There was no mention of reported FBI, Homeland Security and Treasury involvement in the ongoing artifact recovery process despite this illuminating passage:
Well-organized professional thieves systematically looted the choice artifacts. Staff members intervening to save the most valuable objects were told they would be killed if they persisted. Witnesses reported seeing well-dressed men walking through the galleries talking into walkie-talkies or cell phones. One museum official claimed that two "European-looking" men entered the museum, pointed out individual objects, and then left. Artifacts were removed and hauled away in convoys of vans. "It is true that definitely some of the looters were very organized," says archaeologist Francis Deblauwe. "They even brought equipment to lift some of the heavier pieces.
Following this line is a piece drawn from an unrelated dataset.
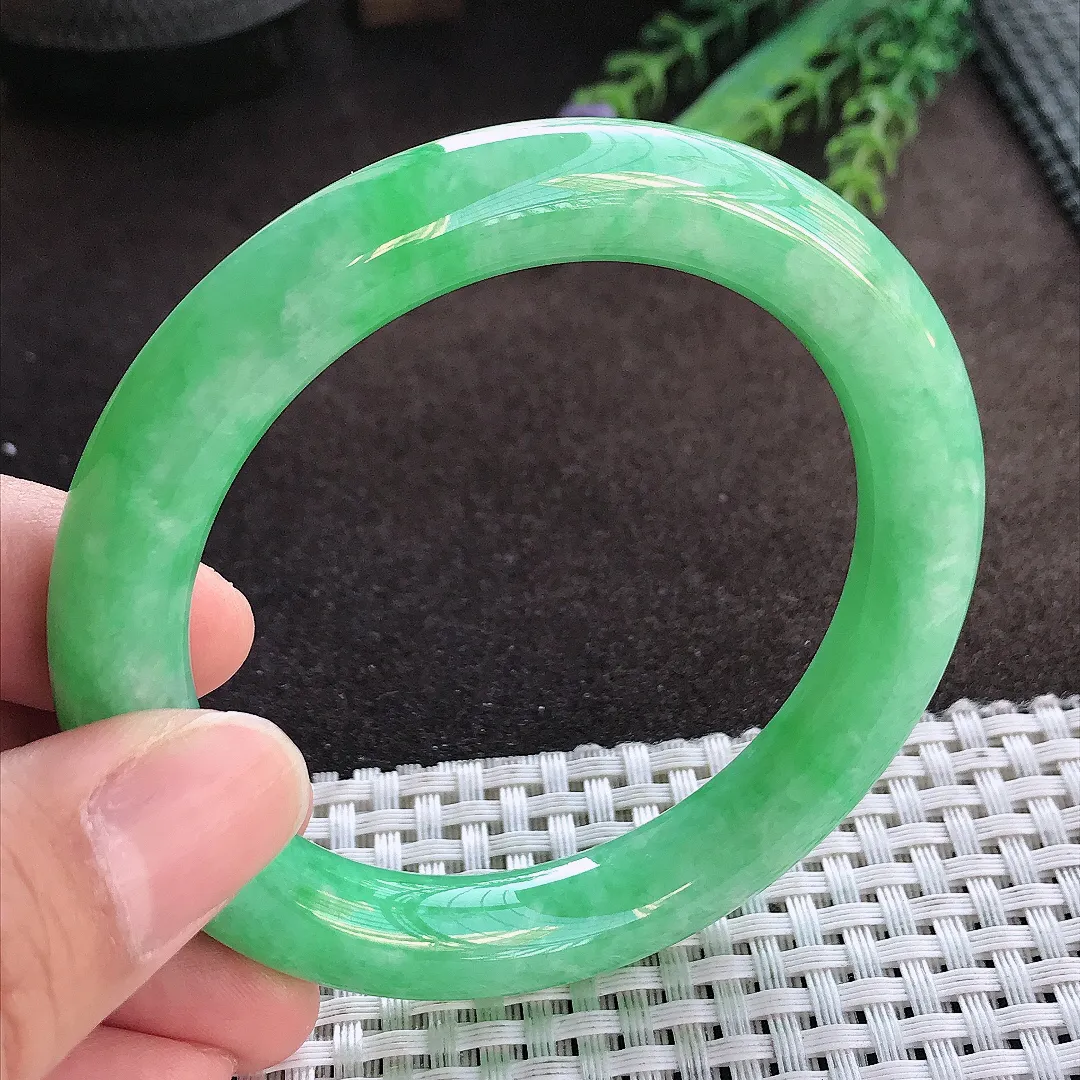 天然A货翡翠56/10.4/9.9老坑精美满绿阳绿圆条手镯玉手镯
Also, glass cutters were found of a type that’s not readily available in Iraq." Gil Stein, Professor of Archaeology at the University of Chicago, felt that it appeared that unscrupulous art dealers had placed orders in advance. "They were looking for very specific artifacts. They knew where to look." Claud-Peter Haase, Director of the Islamic Museum in Berlin, commented, "The people who did this knew precisely where the most priceless treasures were kept. They sought out certain objects, tracking them down and zeroing in on them as though they had a shopping list and a floor plan of the museum. It is also noteworthy just how these people were able to break into vaults and safes. These people were professionals and definitely knew what they were doing."
The Art Newspaper has the Homeland Security angle and reports a development that coincidentally benifits a certain dealer/collector lobbying group:
Agents who had concentrated exclusively on tracking and seizing smuggled art have now been redeployed to investigate cases related to the war on terrorism and financial fraud.
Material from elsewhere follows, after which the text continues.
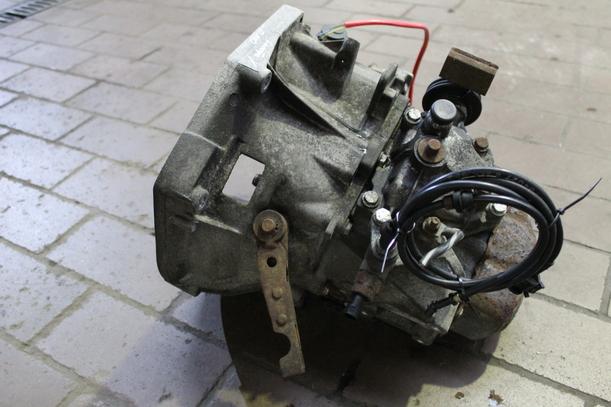 Foto: SCHALTGETRIEBE 5-GANG eines Lancia Y 1.2 SLX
Although cases of stolen art will still be investigated by Customs agents, no employees will work exclusively on art investigations. The re-organisation has not been publicised, but government officials confirmed the move to The Art Newspaper
The normally staid Art Newspaper candidly goes on to say:
One critic of a conspiratorial bent hinted that aggressive investigators aggravated enough influential collectors and dealers in New York for them to lobby privately for the redeployment of the art squad: “When they finally saw the opportunity with the Bush administration’s new war on terror, they made a few phone calls to people in high places and took care of it”. The Art Newspaper has no evidence of such lobbying.
Images: UNobserver.com, The art Newspaper, Reuters
Thursday, January 15, 2004
I haven’t posted specifically about the war for quite a while.
I find the subject rather difficult and have found it so since November 13th when I read an informative report about the Red Cross bombing in Baghdad by photo/journalist Michael Kamber and posted on the equally interesting DigitalJournalist.org.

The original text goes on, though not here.